Climate change is now a major universal challenge and needs urgent attention. The impacts of climate change are not only restricted to the physical and climatological events like changing weather patterns, heavy rainfalls, floods, hurricanes, droughts, wildfires, heat stress, food and water shortages etc. but also has a major impact on individual and public health.
Climate change is severely affecting the social and environmental determinants of health including clean air, safe drinking water, sufficient food and secure shelter. It is assessed that between 2030 and 2050, climate change is expected to cause approximately 250,000 additional deaths per year including 60,000 deaths from Malaria, 38,000 due to heat exposure, 48,000 due to diarrhoea and 95,000 from malnutrition.
The growing poor air quality in urban areas is increasing due to industrial and vehicular emissions, burning coal from power plants thereby producing smog. Air pollution causes some 4.3 million deaths every year. The direct damage cost to health is estimated to be between US$ 2-4 billion/year by 2030. It is assessed that due to weak health infrastructure, developing countries will be the worst affected.
Rising GHG levels are triggering climate and environmental changes that are affecting human health through heat stress, crop failure, altered weather patterns, injuries, displacement, homelessness, ocean acidification, mass migration, economic disruption, malnutrition, social unrest, aquaculture failure, spread of infectious diseases etc.
Globally, the number of reported weather-related natural disasters has more than tripled since the 1960s.

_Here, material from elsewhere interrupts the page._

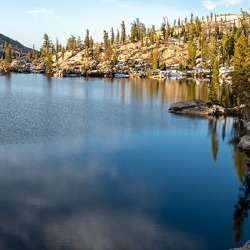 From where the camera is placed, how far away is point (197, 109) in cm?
7731

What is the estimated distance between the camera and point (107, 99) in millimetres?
97188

Every year, these disasters result in over 60,000 deaths, mainly in developing countries. Extreme temperatures are directly contributing to deaths from cardiovascular and respiratory disease, particularly among elderly people. In the heat wave of summer 2003 in Europe, more than 70,000 excess deaths were recorded. High temperatures also are triggering asthma, which affects around 300 million people.

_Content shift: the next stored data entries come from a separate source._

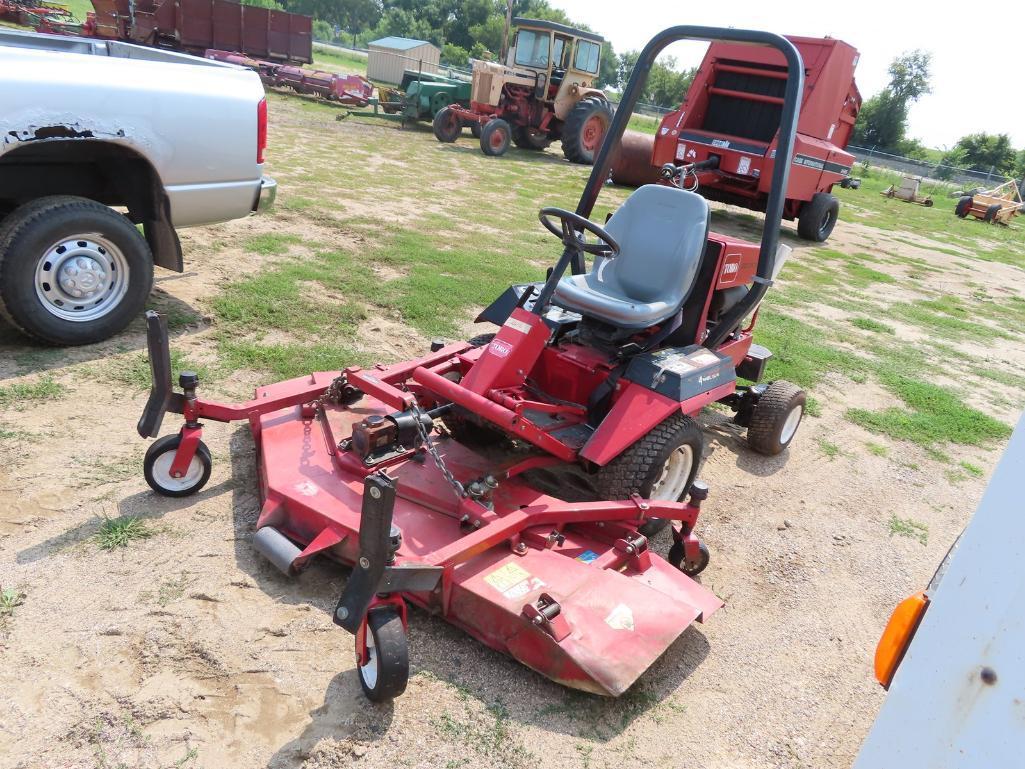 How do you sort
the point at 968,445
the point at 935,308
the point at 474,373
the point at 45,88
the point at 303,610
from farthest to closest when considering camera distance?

Rising sea levels and increasingly extreme weather events may destroy homes, medical facilities and other essential services. More than half of the world’s population lives within 60 km of the sea. People may be forced to move to safer areas creating health impacts ranging from mental disorders to communicable diseases.
The impact of climate change on mental health is a major consideration. People who have survived droughts, floods, tropical storms and similar extreme weather events often lose their homes and their families. As a result, they can experience post-traumatic stress disorder, severe depression and other mental health problems.
Increasingly variable rainfall patterns are likely to affect the supply of fresh water. A lack of safe water can compromise hygiene and increase the risk of diarrhoeal disease, which kills approximately 760,000 children aged under 5, every year. Floods are also increasing in frequency and can contaminate freshwater supplies, heighten the risk of water-borne diseases, and create breeding grounds for disease-carrying insects such as mosquitoes.
People living in small island developing states and other coastal regions like Bahrain are particularly more vulnerable to climate change impacts. The concerned authorities are planning mitigation measures, strategies, ways and means how to handle any eventualities of any disaster that can struck due to climate change by controlling and decreasing the amount of carbon emissions and enhancing cleaner production.